Step 1: Reading SMP Files#

The SMP (Sample/Bore) format is IWFM’s standard observation file format. Each record contains a bore ID, date/time, value, and optional exclusion flag.

from pyiwfm.io.smp import SMPReader

# Read all bores from an SMP file
reader = SMPReader("observed_heads.smp")
observed = reader.read()

print(f"Loaded {len(observed)} bores")
for bore_id, ts in list(observed.items())[:3]:
    print(f"  {bore_id}: {len(ts.times)} records, "
          f"range {ts.values.min():.1f} - {ts.values.max():.1f}")

Read a single bore:

ts = reader.read_bore("WELL-001")
if ts is not None:
    print(f"Bore {ts.bore_id}: {len(ts.times)} records")

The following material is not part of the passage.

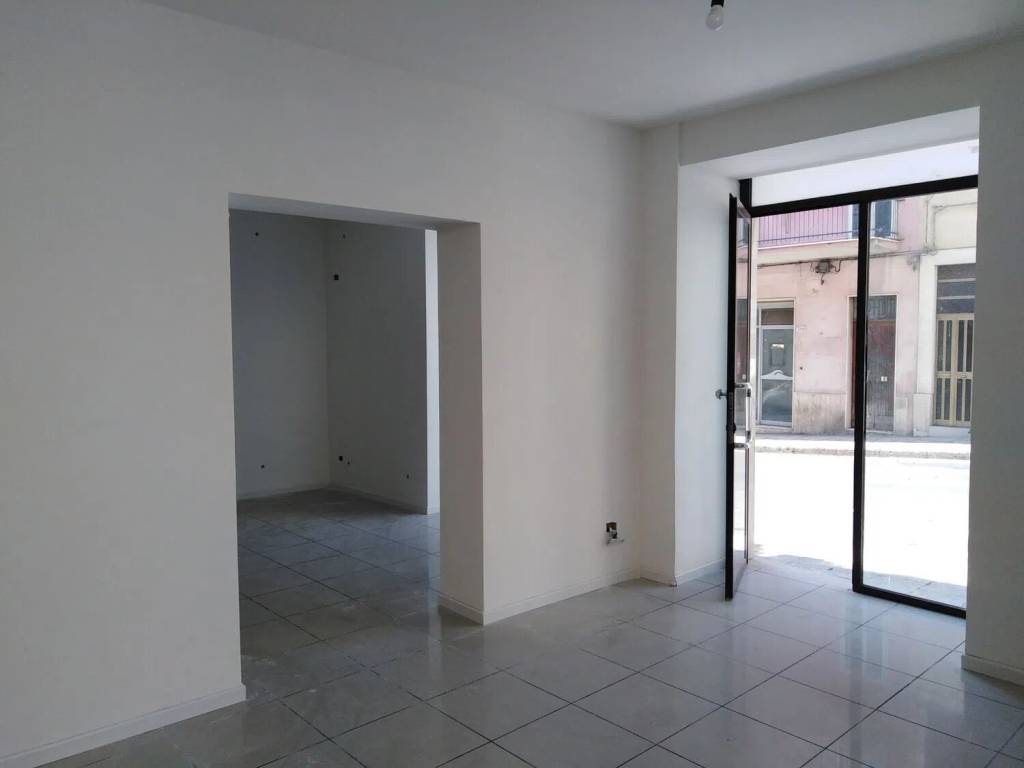 negozio in affitto a Ragusa in zona Ragusa Centro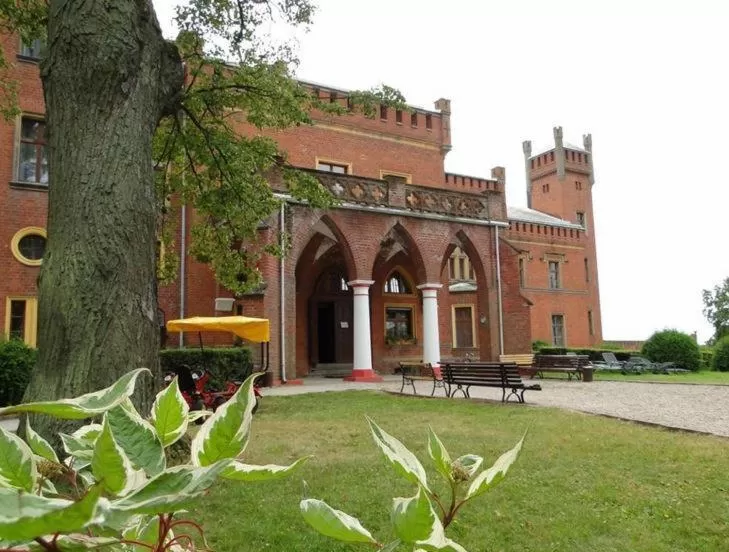 Property building in Hotel Zamek Karnity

Write SMP data back to a file:

from pyiwfm.io.smp import SMPWriter

writer = SMPWriter("output.smp")
writer.write(observed)

Step 2: IWFM2OBS – Interpolate to Observation Times#

The interpolate_to_obs_times function linearly interpolates simulated time series to match observation timestamps, mirroring the Fortran IWFM2OBS utility:

from pyiwfm.calibration.iwfm2obs import (
    interpolate_to_obs_times,
    interpolate_batch,
    InterpolationConfig,
)

# Configure interpolation
config = InterpolationConfig(
    max_extrapolation_time=timedelta(days=30),
    sentinel_value=-999.0,
    interpolation_method="linear",
)

# Interpolate a single bore
interp_ts = interpolate_to_obs_times(
    observed=observed["WELL-001"],
    simulated=simulated["WELL-001"],
    config=config,
)
print(f"Interpolated {len(interp_ts.values)} values")

# Interpolate all matching bores at once
results = interpolate_batch(observed, simulated, config)
print(f"Interpolated {len(results)} bores")

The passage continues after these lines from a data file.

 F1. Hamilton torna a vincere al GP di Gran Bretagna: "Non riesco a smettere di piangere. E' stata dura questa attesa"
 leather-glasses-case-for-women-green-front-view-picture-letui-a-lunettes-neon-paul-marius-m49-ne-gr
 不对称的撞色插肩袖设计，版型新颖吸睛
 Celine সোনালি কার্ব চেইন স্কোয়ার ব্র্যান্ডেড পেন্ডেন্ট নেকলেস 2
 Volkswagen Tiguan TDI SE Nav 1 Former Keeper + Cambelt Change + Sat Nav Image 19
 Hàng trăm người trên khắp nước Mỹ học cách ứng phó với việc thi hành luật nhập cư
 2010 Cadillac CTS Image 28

For multi-layer observation wells that screen multiple aquifer layers, use transmissivity-weighted composite heads:

from pyiwfm.calibration.iwfm2obs import (
    MultiLayerWellSpec,
    compute_multilayer_weights,
    compute_composite_head,
)

well = MultiLayerWellSpec(
    name="DEEP-WELL-01",
    x=1_200_000.0,
    y=600_000.0,
    element_id=42,
    bottom_of_screen=-50.0,
    top_of_screen=20.0,
)

weights = compute_multilayer_weights(
    well, grid, stratigraphy, hydraulic_conductivity
)
print(f"Layer weights: {weights}")

composite = compute_composite_head(well, layer_heads, weights, grid)
print(f"Composite head: {composite:.2f} ft")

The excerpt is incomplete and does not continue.